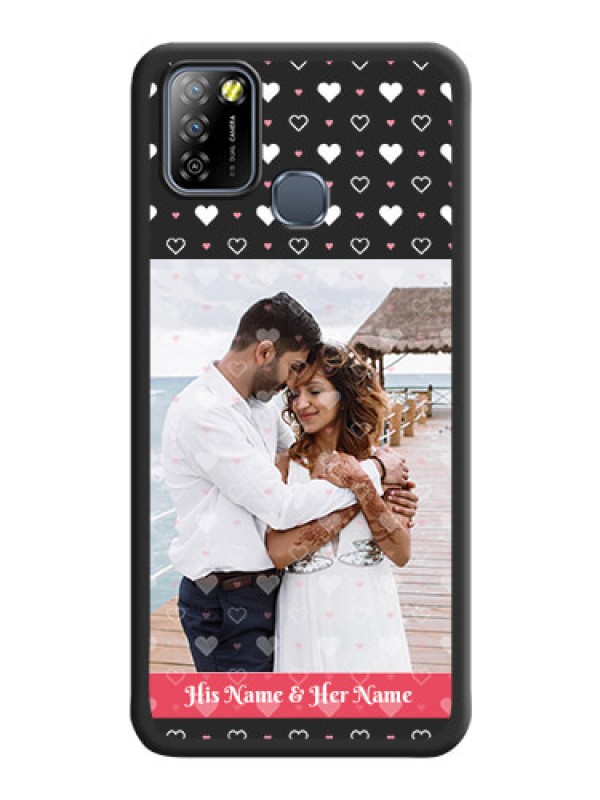 Custom White Color Love Symbols with Text Design on Photo on Space Black Soft Matte Phone Cover - Infinix Smart 5A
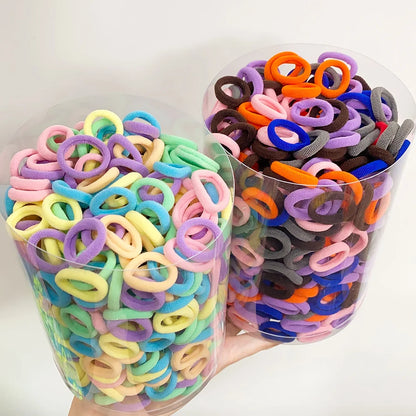 100Pcs/bag Girls Colorful Hair Bands Set Nylon Elastic Rubber Band Baby Ponytail Holder Scrunchies Kids Hair Accessories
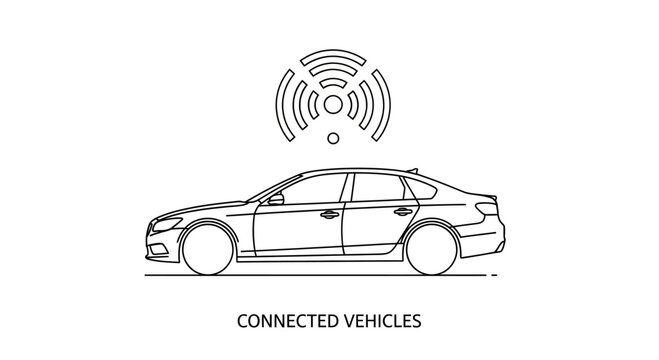 Connected car concept illustration with wireless signal symbol.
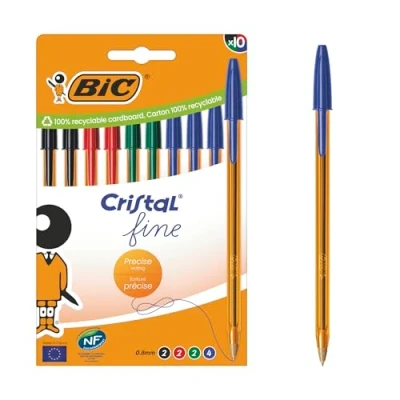 Afbeelding van BIC Cristal Original Fine Ball Pens with Translucent Orange Barrel Assorted Ink Colours Box of 10 Point 0.8 mm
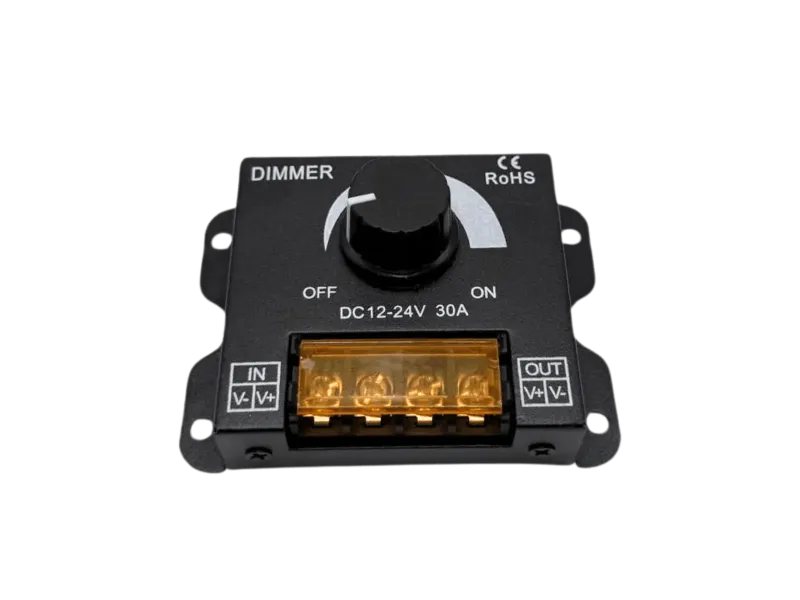 LED Dimmer 12V 24V 30A Draufsicht Drehdimmer für LED Streifen Controller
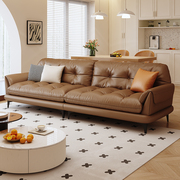 意式真皮沙发现代简约轻奢复古风小户型直排沙发客厅头层牛皮沙发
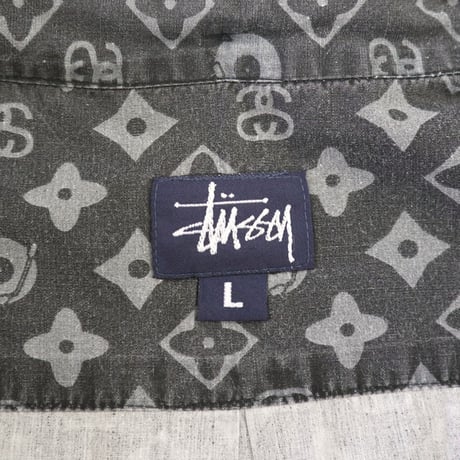 90's OLD STUSSY "モノグラム" 総柄 半袖 シャツ Lサイズ USA製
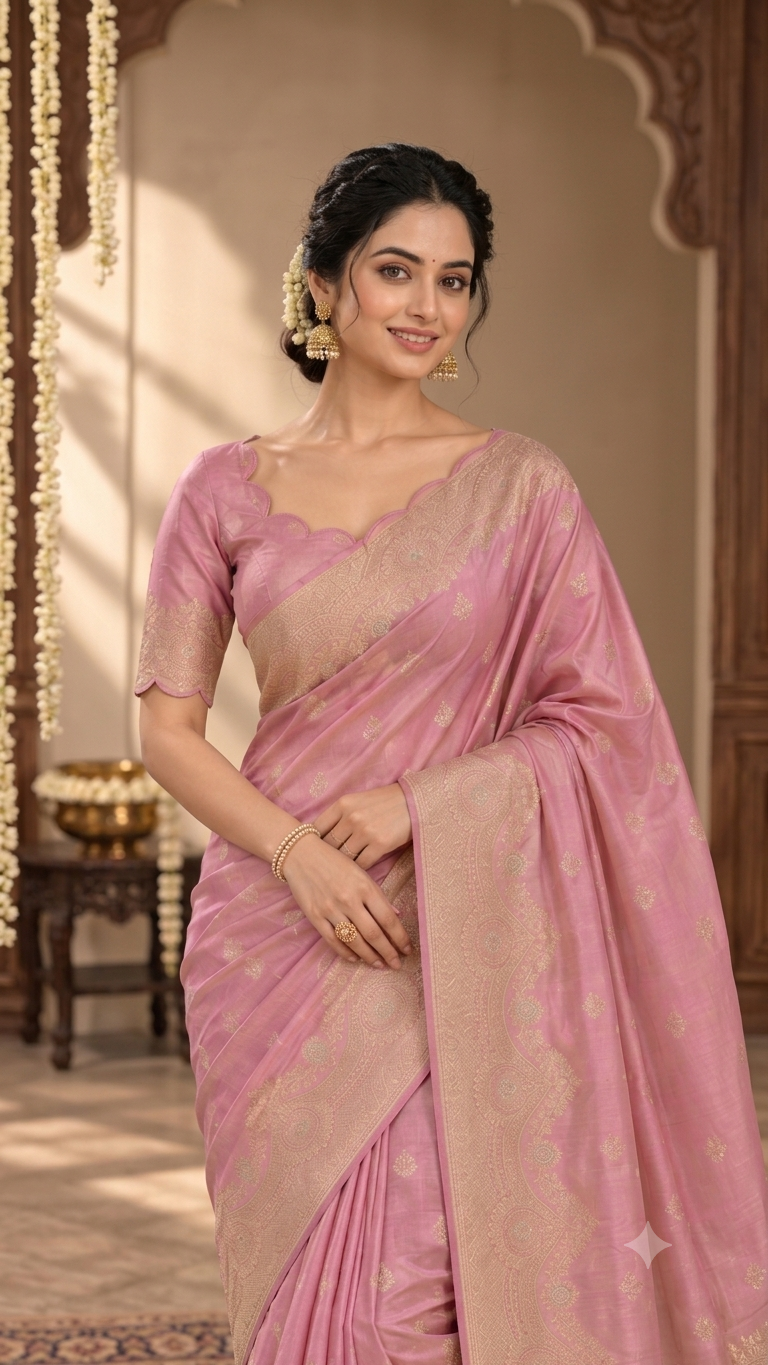 Rose Pink Banaras Satin Silk Saree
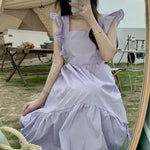 Purple open back dress PL51643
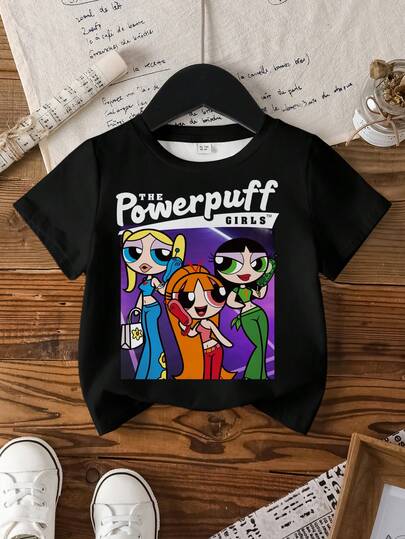 THE POWERPUFF GIRLS X SHEIN 女童圆领卡通字母印花休闲百搭日常短袖T恤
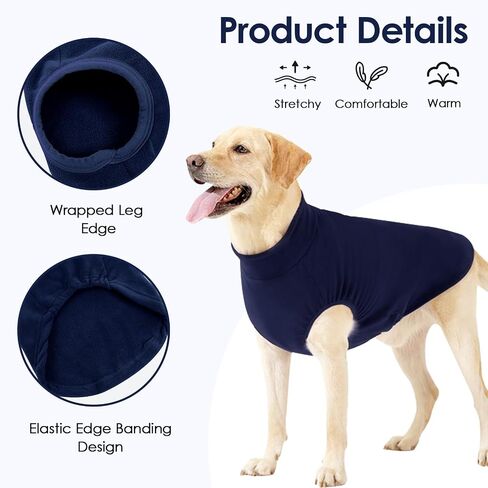 AOFITEE XL Dog Sweater- Dog Fleece Vest Oli Fleece Sweater, Stretchy Dogs Pullover for Large Dogs, Sleeveless Pet Pajama Sweatshirt for Fall Winter, Thermal Oli Pets Sweaters Indoor Outdoor, Blue XL in Saudi Arabia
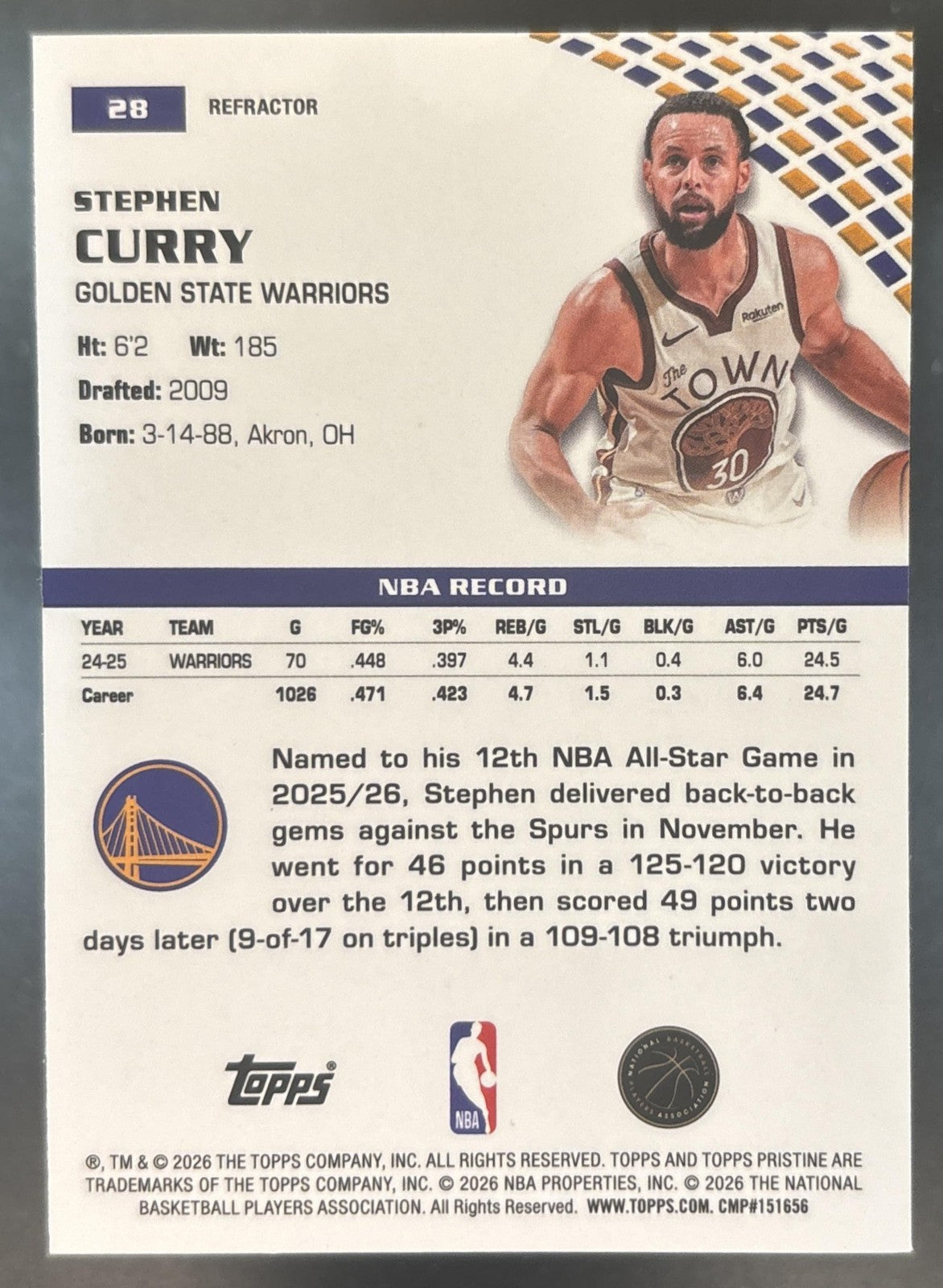 2025-26 Topps Pristine Stephen Curry Refractor #28 Golden State Warriors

++++

--- WHAT YOU HAVE TO DO ---
With the pictures left out, copy exactly the lines from the line holding "Rose Pink Banaras Satin Silk Saree" through the final line of the records, including both.

--- ANSWER TO THIS PROBLEM ---
 Rose Pink Banaras Satin Silk Saree
 Purple open back dress PL51643
 THE POWERPUFF GIRLS X SHEIN 女童圆领卡通字母印花休闲百搭日常短袖T恤
 AOFITEE XL Dog Sweater- Dog Fleece Vest Oli Fleece Sweater, Stretchy Dogs Pullover for Large Dogs, Sleeveless Pet Pajama Sweatshirt for Fall Winter, Thermal Oli Pets Sweaters Indoor Outdoor, Blue XL in Saudi Arabia
 2025-26 Topps Pristine Stephen Curry Refractor #28 Golden State Warriors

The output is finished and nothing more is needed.